| Collected data |
======
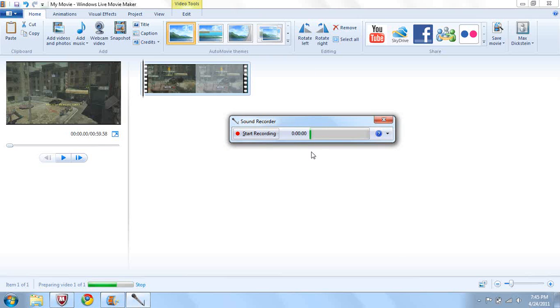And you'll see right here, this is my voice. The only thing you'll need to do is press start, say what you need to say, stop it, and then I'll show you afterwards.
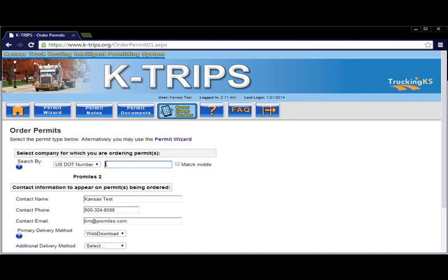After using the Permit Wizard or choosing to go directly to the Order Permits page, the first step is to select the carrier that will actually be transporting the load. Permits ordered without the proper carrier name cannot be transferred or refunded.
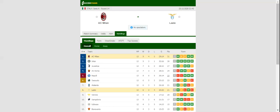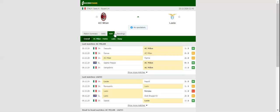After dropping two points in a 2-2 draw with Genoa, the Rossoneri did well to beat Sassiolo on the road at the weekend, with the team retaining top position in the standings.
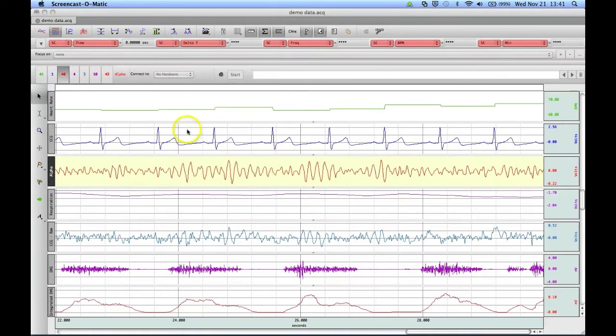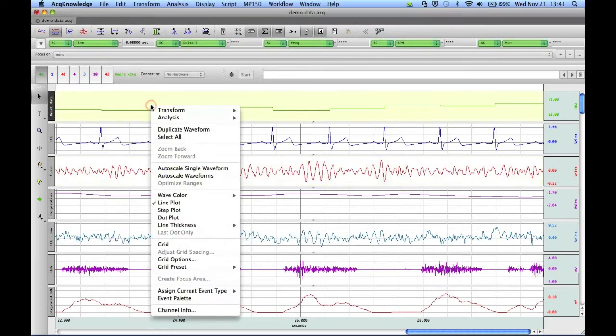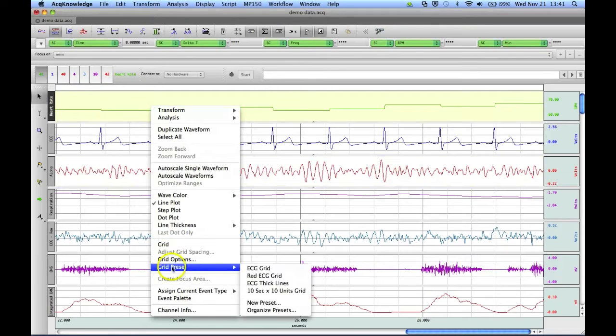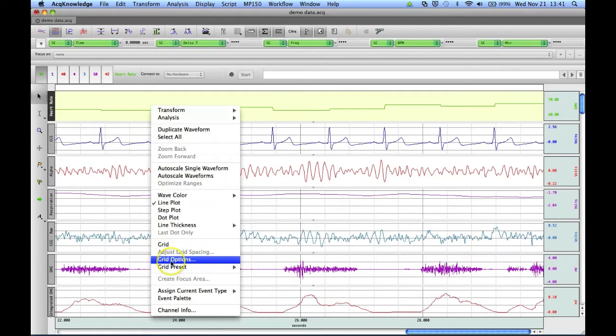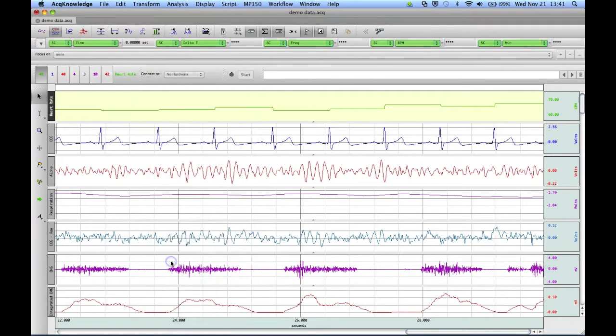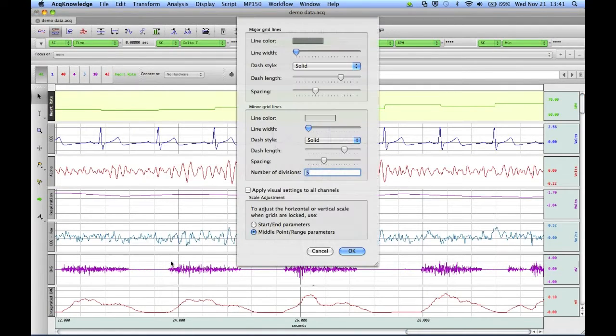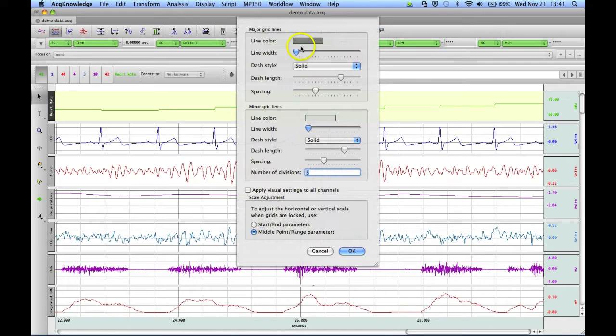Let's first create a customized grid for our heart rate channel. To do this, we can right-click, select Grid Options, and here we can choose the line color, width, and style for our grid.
======
Set the lines above down again, word for word, from the first through the one containing "After dropping two"; pictures excluded.

And you'll see right here, this is my voice. The only thing you'll need to do is press start, say what you need to say, stop it, and then I'll show you afterwards.
After using the Permit Wizard or choosing to go directly to the Order Permits page, the first step is to select the carrier that will actually be transporting the load. Permits ordered without the proper carrier name cannot be transferred or refunded.
After dropping two points in a 2-2 draw with Genoa, the Rossoneri did well to beat Sassiolo on the road at the weekend, with the team retaining top position in the standings.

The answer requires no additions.